I spent all of my professional career — totaling 43 years — in higher education. When I joined the faculty of North. Carolina State University in 1978, colleges and universities were expanding. Enrollment was rising, programs were growing and faculty positions were being added. One of the biggest challenges for academic departments was deciding what types of specializations to recruit for the new hires.
The recent news about West Virginia University couldn’t present more of a contrast. WVU, the largest university in West Virginia, announced enrollment declines are forcing a 16% cut in faculty and the elimination of 32 programs. These changes to a well-respected institution in operation since 1867 sent shock waves throughout higher education nationwide. While most higher education institutions are not currently sharing WVU’s plight, there are worries they may in the near future.
A look at enrollment trends at four-year colleges and universities in the nation is causing worry. From 1970 to 2010, which some call the “golden age” of higher education, enrollment in higher education jumped 100%. But enrollment growth from 2010 to 2030 is expected to be only 9%. After 2030, projections show nationwide college enrollment falling, just as has happened in West Virginia. This trend has been dubbed the “enrollment cliff.”
There are other issues facing higher education. A big one is cost. Annual tuition and fees for the school year 2022-23 at public four-year institutions are over two times higher than thirty years earlier in 1992-23. This is after adjusting for general inflation, meaning the dollars have the same purchasing power in both time periods. For private four-year institutions, the increase was slightly lower, at 1.8 times higher than in 1992-93.
A second issue is the financial return from a higher education degree. Traditionally, jobs requiring a college degree paid much more than other jobs, thereby making the expense of a college education worthwhile. A recent study from the Federal Reserve Bank of St. Louis confirms this is still the case. If paying for a college education is thought of as an investment, the study shows the annual interest rate earned is in the double digits.
Yet there are important exceptions to this generalization. The national dropout rate for enrolled college students is 40%. Research shows college dropouts actually earn less than high school graduates. Also, almost 60% of college students take more than four years to graduate, thereby increasing their total costs and reducing the net benefits from the degree. Lastly, the investment returns from a college degree vary significantly by the student’s degree major.
There are significant regional differences in these issues facing higher education. While several analyses predict college enrollment will begin to dip in North Carolina before the end of the current decade, the drop will be less than in many other states.
College costs also vary among states. Student expenses at public universities in North Carolina are more affordable than elsewhere. North Carolina public universities have the 8th lowest tuition and fees among all states. The UNC System also has better results for student completion than comparable institutions.
Nevertheless, the conclusion is that higher education — including in North Carolina — will face important challenges in the future, including challenges that could significantly change how they operate.

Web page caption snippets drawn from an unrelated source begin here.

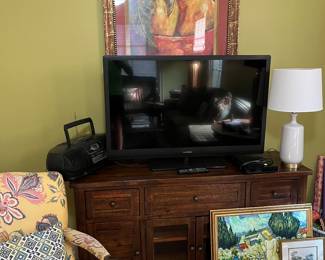 Media console, accessories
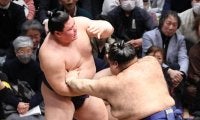 義ノ富士、高安に３連敗「突っ張りを全部受けてしまった。強いです」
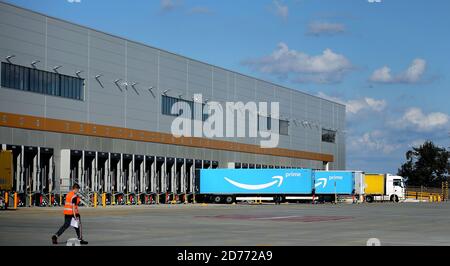 Osterweddingen, Deutschland. September 2020. Außenansicht des neuen Amazon Logistikzentrums. Quelle: Ronny Hartmann/dpa-Zentralbild/ZB/dpa/Alamy Live News Stockfoto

Consider enrollment. If colleges and universities find their traditional base of 18-24-year-olds shrinking or even just slowing in growth, they could increase their focus on older age groups. In fact, with the labor market and occupations expected to radically change in the future as technology continues to develop and expand, there will likely be a need to retrain and reskill a significant percentage of existing workers. Colleges and universities could develop programs to address this need. We could see the college and university of the future teaching a very different age demographic.
To control costs, higher education institutions will be under increased pressure to evaluate programs and services on a cost/benefit basis and make some very hard decisions about generating savings. Based on my experience as a faculty member over seven different decades, I know most faculty strongly believe their work is essential. I don’t envy those administrators and leaders who may have to make decisions like those at West Virginia University.
While academics are usually rated on their teaching and publishing, academic advising of students is often under-appreciated. It shouldn’t be. Advising is the link between the student’s academic work and their future occupation. The role of the adviser is to align the student’s interests with the reality of the kinds of occupations they can pursue. Improved and expanded academic advising can both reduce the time needed for students to graduate as well as be a guide for students to jobs they understand and expect.
In short, higher education may be facing a reset. While I won’t be there to participate, I, like you, will decide if it’s successful.
Mike Walden is a William Neal Reynolds Distinguished Professor Emeritus at North Carolina State University.